Intentemos resumir sus interpretaciones a los hechos
experimentales conocidos en la época: cuando metales como
estaño y plomo se calientan en un recipiente cerrado
conteniendo aire se observa el aumento del peso del calcinado y
la constancia del peso del sistema total, al
tiempo que se crea un vacío parcial en el interior del
recipiente y solo aproximadamente una quinta parte del volumen del aire
se consume.
La interpretación de estos hechos es bien distinta a la de
sus colegas británicos. Los metales no liberan flogisto al
calcinarse sino que se combinan con un elemento componente del
aire que se corresponde con el aire vivificante desflogisticado y
de ahí su incremento en peso. A partir de entonces nombra
este nuevo elemento gaseoso como oxígeno.
Al componente gaseoso residual de la combustión
correspondiente a las cuatro quintas partes en volumen del
aire,
caracterizado por su relativa inercia química (el aire
flogisticado de Black) lo denomina nitrógeno. Y por
último, al enigmático gas inflamable de Cavendish
que es capaz (según comprobó experimentalmente en
1783) de arder produciendo vapores que condensan en forma de
gotas de agua, lo llama
hidrógeno.
Quedaba resuelto así, en términos del
reconocimiento de sustancias elementales determinadas, lo que
Sthal pretendió identificar con el flogisto.

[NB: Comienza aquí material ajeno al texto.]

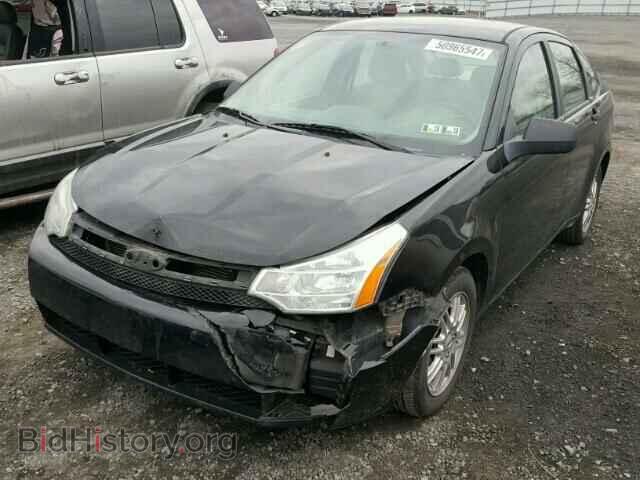 2009 FORD FOCUS - VIN: 1FAHP35N09W195408 - Фото 2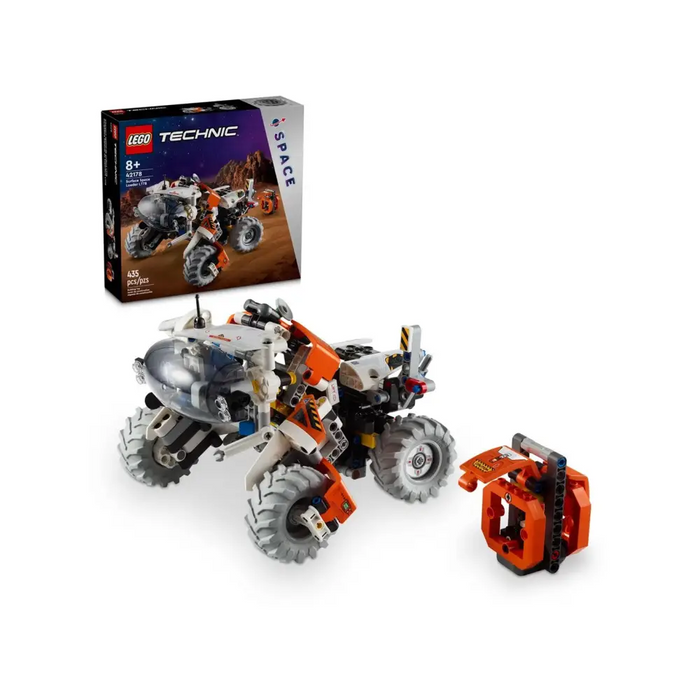 LEGO TECHNIC 42178 Surface Space Loader LT78 - LEGOKLO-LEG<<<Construction setKLO<<<ActionPL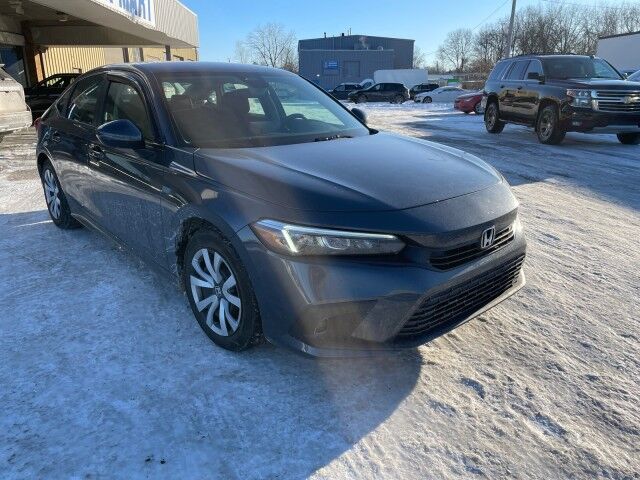 2023 Honda Civic Sedan LX Cleveland OH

En 1789 Lavoisier publicó su "Tratado Elemental
de Química" en el que expone su método
cuantitativo para interpretar las reacciones
químicas y propone el primer sistema de nomenclatura para
los compuestos químicos del que aún perdura su
carácter binomial.
Desdichadamente, cuatro años mas tarde Lavoisier es
ejecutado en la guillotina al ser acusado de verse relacionado
con un grupo de
recaudadores de impuestos que los
revolucionarios franceses consideraron un instrumento de corrupción
de la odiada monarquía. Su amigo el célebre
matemático M. Lagrange diría: "un segundo
bastó para separar su cabeza del cuerpo, pasarán
siglos para que una cabeza como aquélla vuelva a ser
llevada sobre los hombros de un hombre de ciencias".

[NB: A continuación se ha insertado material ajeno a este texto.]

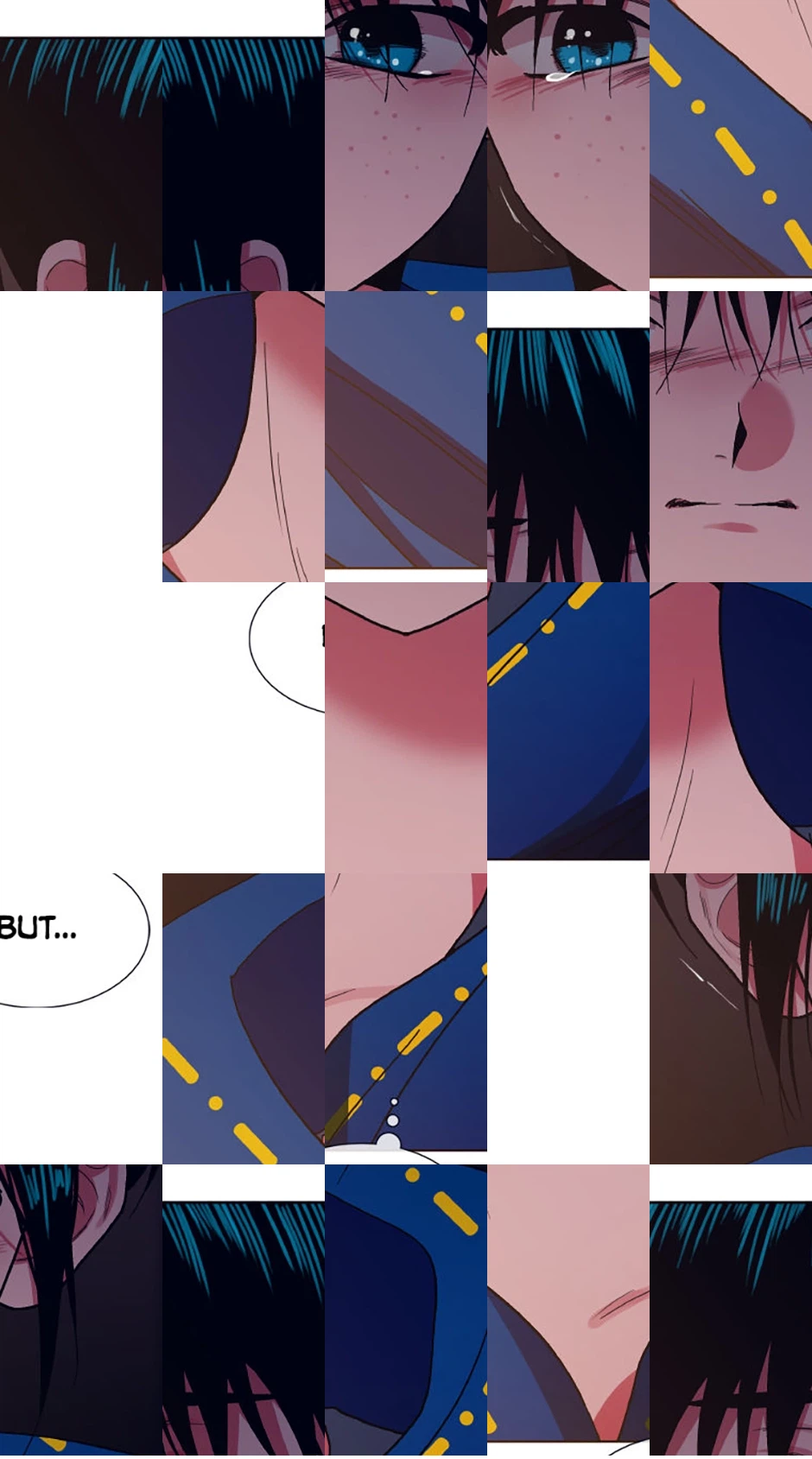 Hara of Thunder Chapter 98 page 72 -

El siglo no cerraría sus puertas sin que un representante
de la Escuela francesa Joseph L. Proust (1754 –1826)
demostrara experimentalmente que las sustancias se combinan para
formar un compuesto en proporciones fijas de masas, la llamada
ley de las proporciones definidas. Una vez que fueran
experimentalmente demostradas por los trabajos de Lavoisier las
leyes
ponderales que se verifican en las reacciones químicas, se
exigía de una teoría que explicara el comportamiento
experimental observado.
3. Leyes y teorías
primarias
Hacia el último tercio del siglo XIX, teniendo
como escenario las sociedades de
Norteamérica y en mayor o menor grado de los países
europeos, se experimenta lo que algunos consideran una Segunda
Revolución
Industrial identificada desde el punto de vista
tecnológico por el dominio de la
electricidad,
el
petróleo, y la naciente industria
química.
A diferencia de momentos anteriores, en los que la
práctica, el saber hacer, precedía
significativamente a la teoría, ahora la fuerza de los
saberes de las nacientes ciencias
impulsan y establecen un complejo tejido de interacción
con la tecnología.
La aplicación de los inventos de Volta
permiten el descubrimiento y aislamiento de un número
significativo de elementos químicos; la aparición
de los primeros productos
sintéticos (colorantes y otros) condiciona el desarrollo
de una nueva industria que persigue superar las cualidades de los
productos
naturales conocidos hasta el presente.
En esta compleja dialéctica al filo de la necesidad y la
casualidad, siendo portadores de los progresos determinadas
personalidades históricas que fueron creando comunidades
(Sociedades Científicas), en las naciones que encabezan el
desarrollo monopolista de la época, se desarrollan las
primeras leyes y teorías
de esta ciencia.
Una vez que en el siglo XVIII fueran experimentalmente
establecidas las leyes ponderales de las reacciones
químicas, se exigía una teoría que explicara
el comportamiento observado. El inicio de este siglo vería
aparecer la obra Nuevo sistema de filosofía
química, en la que el químico inglés
John Dalton (1766 – 1844) expondría su teoría
atómica.
Al postular la existencia de los átomos como
partículas indivisibles en las reacciones químicas
parece que se retorna a las ideas de los atomistas griegos,
más de dos mil años atrás pero la mecánica de Newton se
refleja también en la primera teoría moderna
de la Química, al atribuir como propiedad
distintiva de los átomos su masa. A partir de este
momento, las diferencias observadas en las propiedades de los
elementos se pretenden relacionar con el peso atómico.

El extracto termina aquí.